Omit all pictures and transcribe only the lines in the entries below that run from the line with "Beef Steak Tacos with veggies, avocado, corn" through the line with "Mobile wallpaper with".

Extracted entries section start

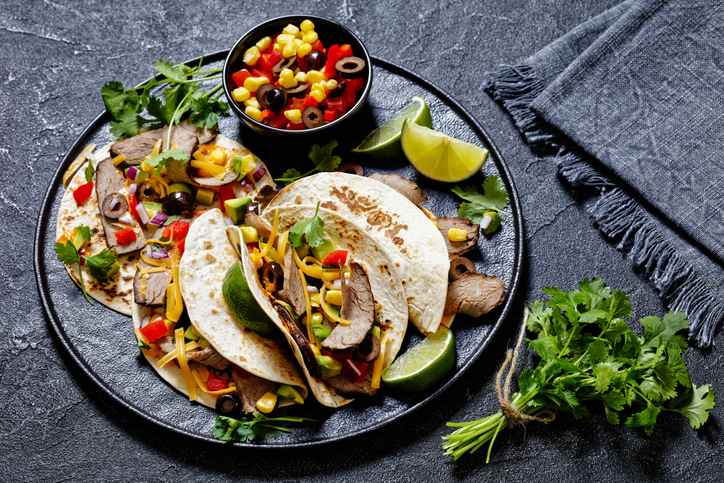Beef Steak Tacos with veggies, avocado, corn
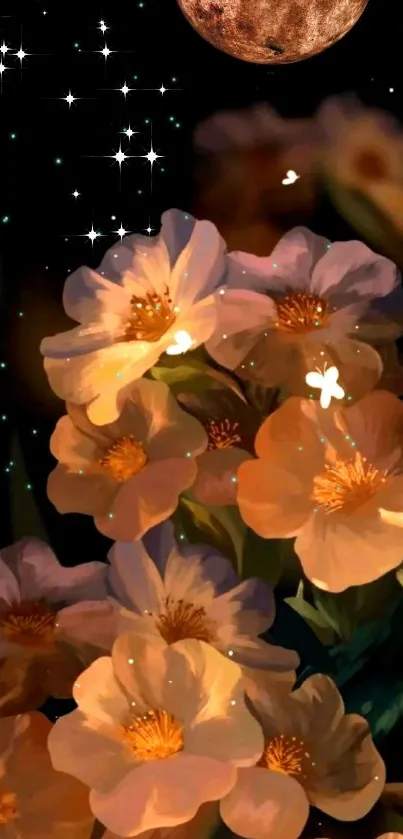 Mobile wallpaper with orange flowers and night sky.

Extracted entries section end
Extracted entries section start

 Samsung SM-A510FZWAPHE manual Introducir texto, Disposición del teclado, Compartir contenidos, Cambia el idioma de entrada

Extracted entries section end

- Response box
Beef Steak Tacos with veggies, avocado, corn
 Mobile wallpaper with orange flowers and night sky.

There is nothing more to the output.